■ **Exercise prompt**: Every line from the one bearing "Gramicci corduroy loose" through the last line of the records below is to be output exactly, and no other line; leave out the pictures.

(Scraped caption text data)
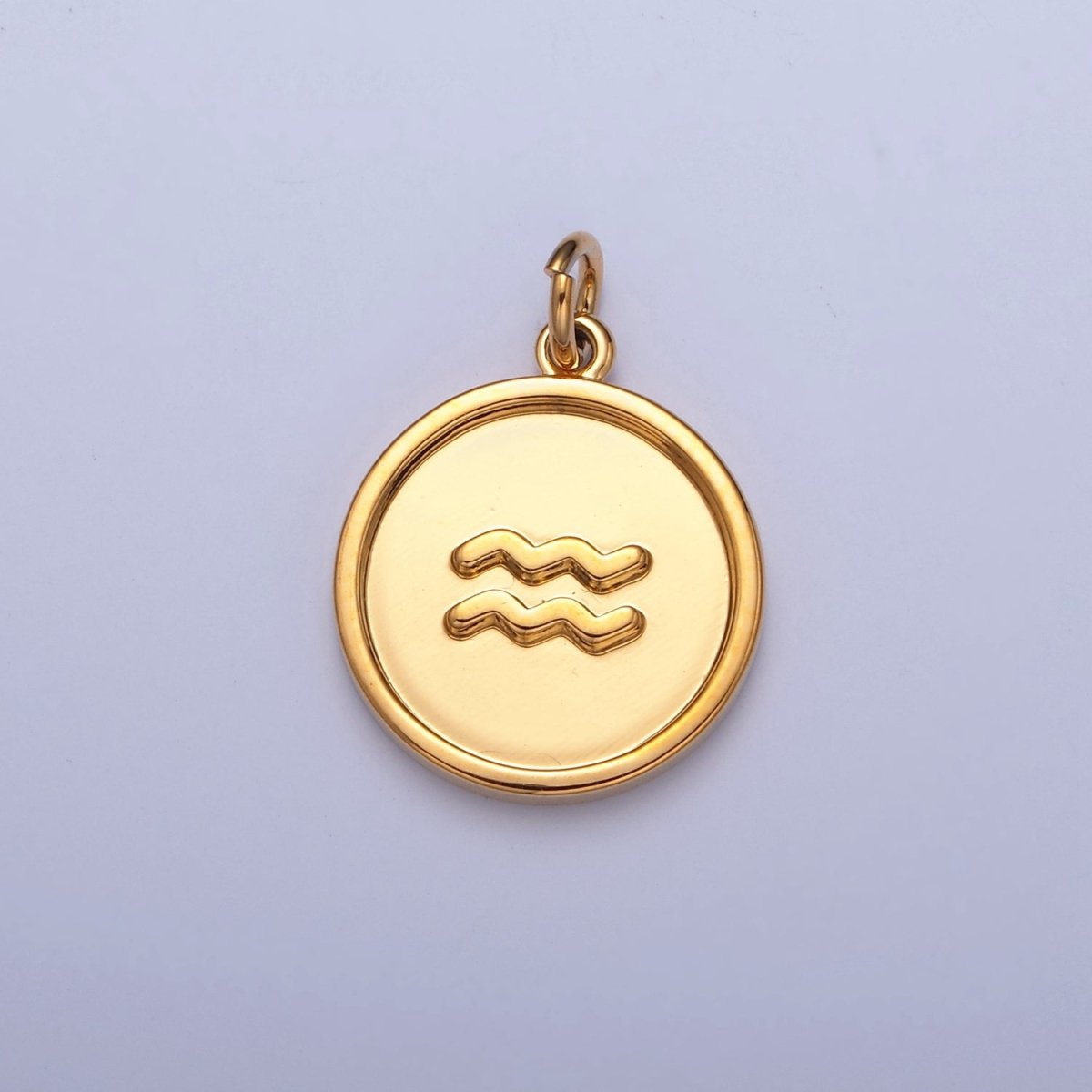 24K Gold Filled Coin Disc Zodiac Charm Dainty Astrological Zodiac Signs Add on Charm A-A1439-A-A1444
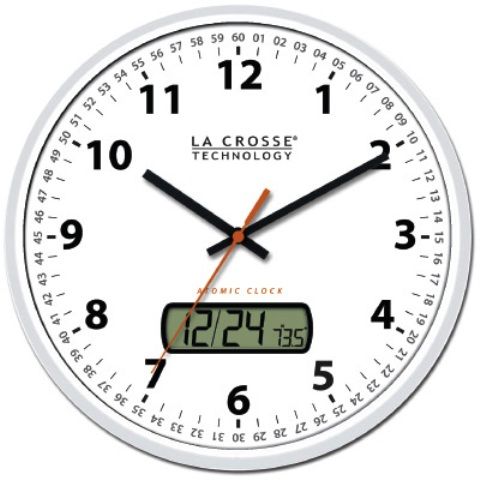 La Crosse Technology WT-3128U-WH model WT-3128U White Atomic Wall Clock with Date Display, 12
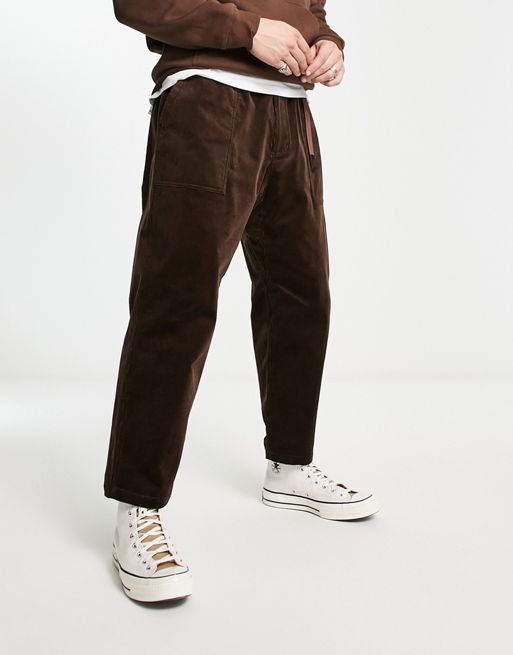 Gramicci corduroy loose tapered pants in brown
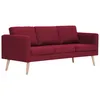 Image de Canapé À 3 Places Tissu Rouge Bordeaux Vidaxl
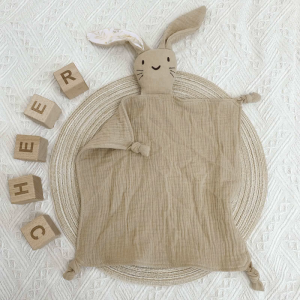 Baby Soothe Blanket Cute Rabbit for Doll Appease Towel Gauze Bibs Teether Muslin Absorbent Bandana Infants Feeding Bib G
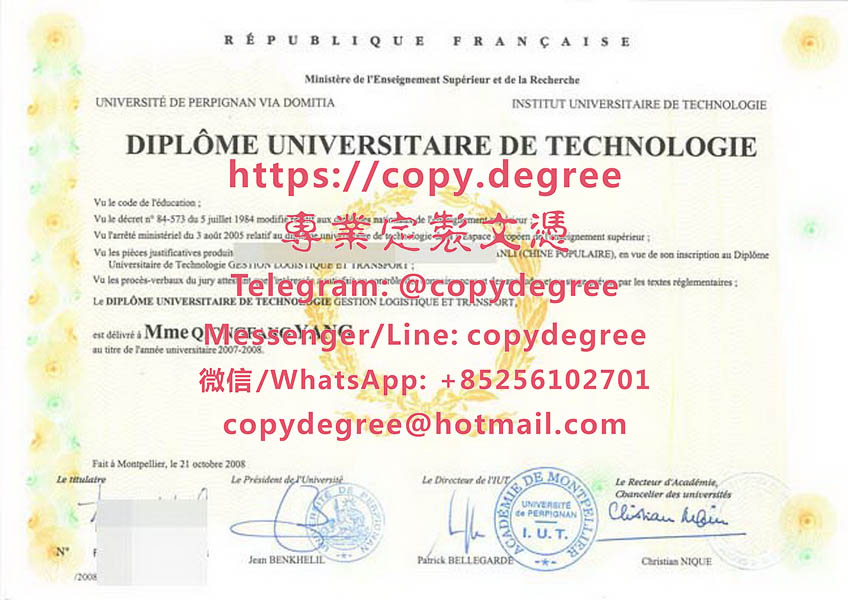 佩皮尼昂大學學位證書樣本|辦理佩皮尼昂大學博士碩士學位證書|制作佩皮尼昂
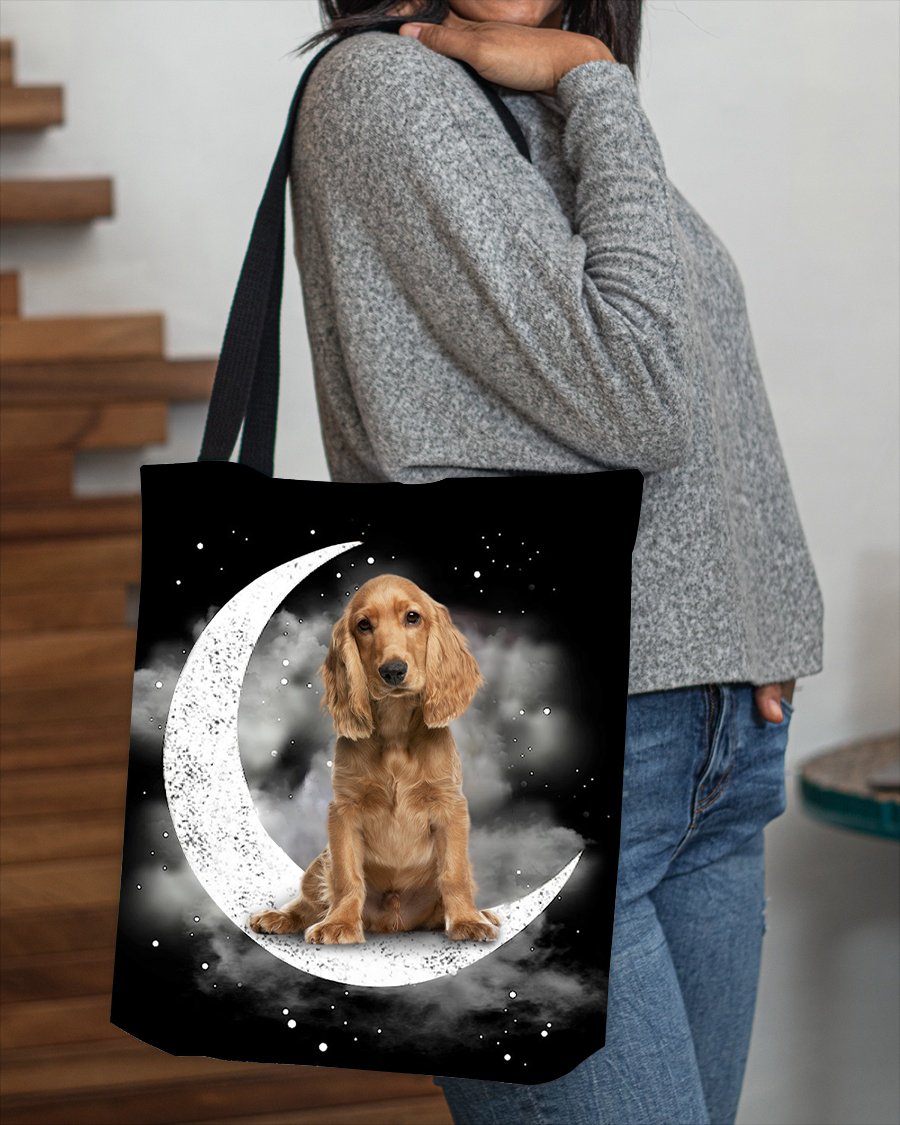 Cocker Spaniel Sit On The Moon With Starts-Cloth Tote Bag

■ **Answer for the task**:
 Gramicci corduroy loose tapered pants in brown
 Image de Canapé À 3 Places Tissu Rouge Bordeaux Vidaxl
 Baby Soothe Blanket Cute Rabbit for Doll Appease Towel Gauze Bibs Teether Muslin Absorbent Bandana Infants Feeding Bib G
 佩皮尼昂大學學位證書樣本|辦理佩皮尼昂大學博士碩士學位證書|制作佩皮尼昂
 Cocker Spaniel Sit On The Moon With Starts-Cloth Tote Bag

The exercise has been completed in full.